La démocratie politique signifie que les citoyens, en choisissant leurs gouvernants et législateurs, déterminent la politique de la nation. Mais cela requiert un préalable souvent négligé : ces mêmes citoyens doivent opérer leurs choix en connaissance de cause. Or, les Français peuvent-ils demander une politique climatique efficace, et choisir les élus en conséquence, s’ils ne maîtrisent pas les données essentielles du dossier scientifique et technique du climat ? Les enquêtes sociologiques réalisées chaque année par l’Ademe depuis 2000 sur « la représentation sociale de l’effet de serre » montrent à quel point nous sommes loin d’une bonne compréhension.
L’une des questions posées est ainsi présentée : « À votre avis, lorsque l’on parle aujourd’hui du réchauffement de l’atmosphère terrestre dû à l’augmentation de l’effet de serre, est-ce plutôt ? » Puis deux réponses sont proposées : « Une certitude pour la plupart des scientifiques » ou : « Une hypothèse sur laquelle les scientifiques ne sont pas tous d’accord ». La première réponse correspond à la réalité. Pourtant, de 2000 à 2018, entre 24 % et 45 % des Français choisissent la seconde, et encore 39 % en 2018. On est donc très loin d’un consensus. De plus, lorsque l’on pose la question, sans réponses proposées : « Selon vous, a quoi est dû le changement climatique ? », seuls 2 % répondent spontanément : « Effet de serre » et 5 % « CO2 ». Les deux réponses les plus fréquentes sont très vagues : « La pollution » ou : « Les activités humaines ».
Surtout, une interrogation permet de mesurer la compréhension de la population du phénomène physique essentiel en cause : l’émission de CO2 par l’utilisation des énergies fossiles. « Pour chacune des activités que je vais vous citer, dites-moi si, d’après ce que vous savez, elle émet beaucoup, assez, peu ou pas du tout de gaz à effet serre. » Parmi les réponses proposées, l’une est rédigée ainsi : « Les centrales de production d’électricité au gaz au charbon et au fuel ». Les réponses « Beaucoup ou assez » peuvent faire croire que la compréhension est bonne puisqu’elle culmine à 93 % en 2018 (un pourcentage en hausse depuis 2014, lié à l’ajout des mots « gaz », « charbon » et « fuel » dans la question). Malheureusement, une autre réponse obtient un score très élevé, avec 60 % en 2018. Or, cette réponse « Beaucoup ou assez » concerne « les centrales nucléaires » qui n’en émettent pas en fonctionnement puisqu’elles utilisent de l’uranium. Du coup, on s’interroge sur la « bonne » réponse apportée à la question sur les centrales à énergie fossile. D’autant plus qu’une autre enquête sociologique révèle que cette réponse erronée au sujet des centrales nucléaires est d’autant plus forte que l’on est jeune… ou opposé à la technologie nucléaire.
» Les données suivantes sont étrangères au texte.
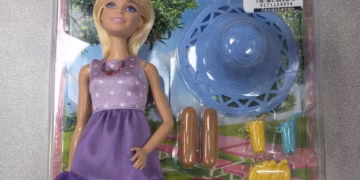 Mama iz Missourija užasnuta nakon pronalaska fentanila u pakiranju lutke Barbie: ‘To je zastrašujuće’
En résumé, la majorité des Français s’accorde sur le fait que le changement climatique est provoqué par nos émissions de gaz à effet de serre, mais cette majorité s’oppose à une forte minorité. Et des questions plus précises sur l’effet de serre et les émissions de différentes technologies montrent une confusion persistante entre celles qui en émettent et celles qui n’en émettent pas ou peu. Une situation peu propice à des débats publics clairs et sincères sur la politique climatique à conduire. Les questions relevant du changement climatique, de sa compréhension, mais aussi des choix qu’il va impliquer dans beaucoup de secteurs de la société (énergie, transports, urbanisme, loisirs…) vont devenir plus prégnantes encore dans les décennies à venir. Pour avoir efficacement voix au chapitre, l’éducation des citoyens doit constituer un enjeu essentiel. D’où l’importance d’une politique ambitieuse de formation des jeunes, des enseignants, des journalistes de l’ensemble de la population aux enjeux climatiques.